L’ideale della “docta varietas”, canone della produzione poetica di Agnolo Poliziano, esercita un significativo influsso anche riguardo alla presenza dei fiori. Nella sua opera tutti i fiori che vengono nominati hanno una precisa giustificazione letteraria. I riferimenti ad erbe, fiori e fioretti – rileva la Giangoia – denunciano sempre scoperte ascendenze letterarie. Esempio tipico può essere considerato l’”incipit” delle “Stanze”: “Giovane donna sembra veramente quasi sotto un bel mare acuto scoglio, o ver tra’ fiori un giovincel serpente uscito pur mo’ fiori vecchio scoglio”. Qui l’”incipit” petrarchesco “Giovane donna sotto verde lauro” sin intreccia con l’evidente memoria dantesca del verso “tra’ fiori un giovincel serpente” che riprende dalla “Divina Commedia” il verso “tra l’erba e i fior venia la mala striscia”, già utilizzato da Petrarca in “il serpente tra’fiori e l’erba giace”.
Per trovare il girasole in poesia si deve arrivare a Gabriele D’Annunzio. Vi si accenna nella prima edizione del poemetto “Venere d’acqua dolce”, ma sarà Giovanni Pascoli a dare ad esso un vero rilievo poetico in “Placido di Myricae” e nel componimento “Il saluto” contenuto nei “Nuovi Poemetti”. Con Eugenio Montale poi i girasoli assurgeranno anche ad una precisa dimensione simbolica.

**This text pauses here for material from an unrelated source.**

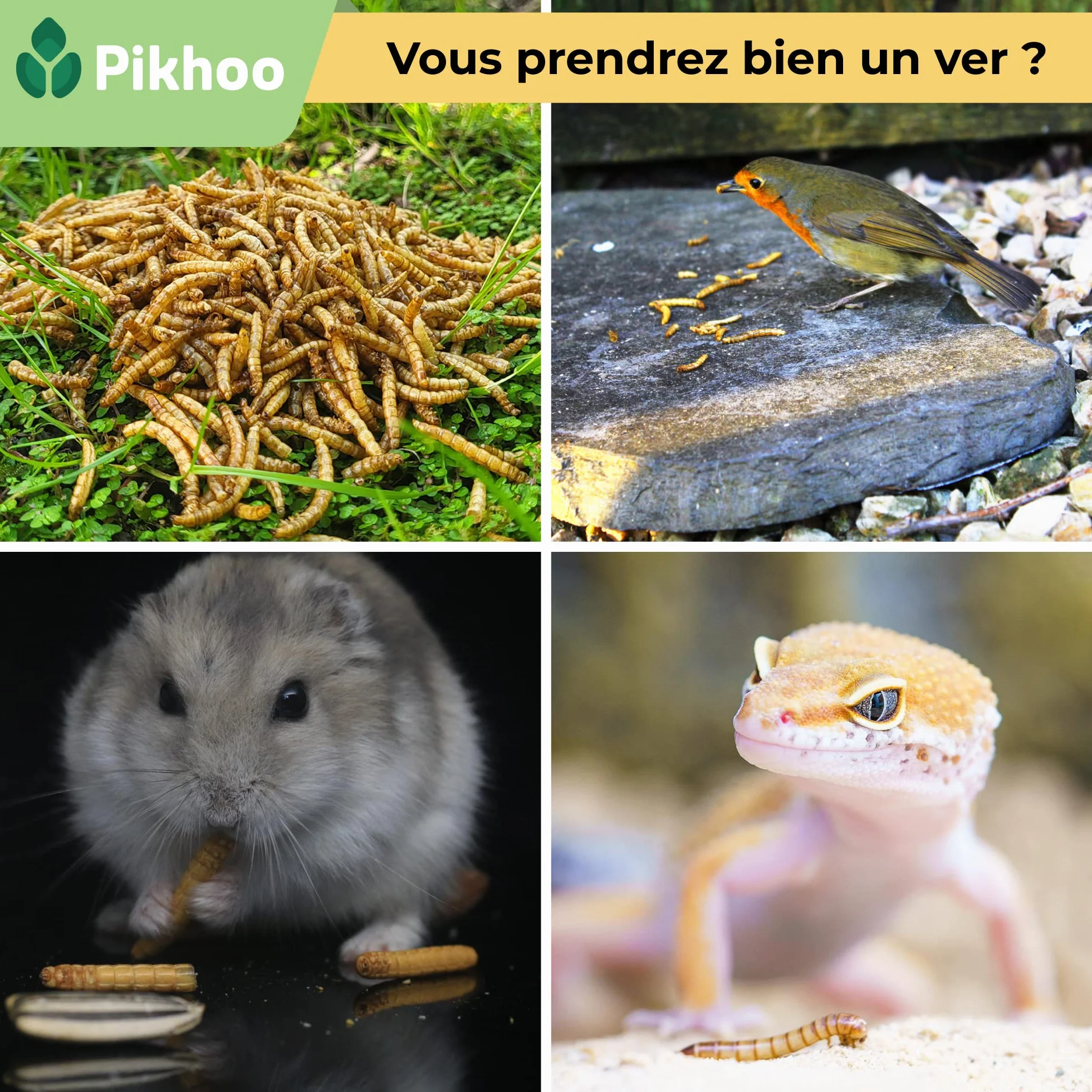 Insectes Comestibles vers de Farine Séchés 2kg Nourriture Oiseaux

Nell’interessante itinerario tracciato dall’autrice non poteva mancare Giacomo Leopardi: la differenza tra i due tempi della sua poesia, quello idillico e quello eroico, si misura anche nel riferimento ai fiori. Infatti nel “Sabato del villaggio” campeggia il “mazzolin di rose e viole”, mentre nell’ambito delle liriche ascrivibili alla poetica eroica s’impone “La ginestra”. Questo fiore, fino a quel momento assente nella tradizione letteraria, diventa espressione di un rinnovato rapporto fra il poeta e la natura in ambito romantico, configurandosi come un simbolo del pensiero esistenziale e sociale di Leopardi. Dal canto suo, il “mazzolin di rose e viole” indica un modo popolare di confezionare i fiori, appunto in mazzi, che progressivamente si impone nei tempi moderni, ma sta soprattutto a significare l’allegria della festa.

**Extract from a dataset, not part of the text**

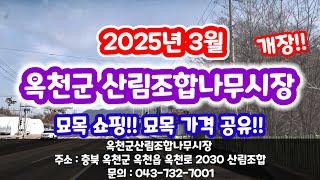 2025년 옥천군 산림조합 나무시장 방문 묘목가격 공유합니다.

Con una punta di pedanteria, Pascoli rilevò l’inesattezza botanica da parte del Recanatese, poiché la natura non fa sbocciare contemporaneamente questi due fiori. Tuttavia va rilevato – osserva l’autrice – che il connubio di rose e di viole ha una lunga tradizione nella poesia classica e in quella italiana, che ha foggiato un abito poetico ben documentato nella produzione in latino e in volgare. Quel “mazzolin”, scrive la Giangoia, è “indubbiamente un’immagine di primavera eterna intertestuale e metatestuale, il quale giustappone, con una punta di ironia, un topos della tradizione alta con una situazione popolare in tono medio e pacato”.